| About this exercise |
Within the listing below, locate all lines containing the word "Quilted". Copy each one.

| Records provided |

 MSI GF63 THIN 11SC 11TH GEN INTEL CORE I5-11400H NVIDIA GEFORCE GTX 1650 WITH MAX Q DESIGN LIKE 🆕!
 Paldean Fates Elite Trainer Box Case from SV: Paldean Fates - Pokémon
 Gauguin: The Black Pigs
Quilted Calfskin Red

...

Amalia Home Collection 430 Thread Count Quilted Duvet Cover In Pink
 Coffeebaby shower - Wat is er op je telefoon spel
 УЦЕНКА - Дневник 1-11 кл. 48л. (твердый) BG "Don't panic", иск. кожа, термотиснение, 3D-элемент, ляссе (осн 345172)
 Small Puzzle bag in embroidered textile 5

| Solution for this exercise |
Quilted Calfskin Red
Amalia Home Collection 430 Thread Count Quilted Duvet Cover In Pink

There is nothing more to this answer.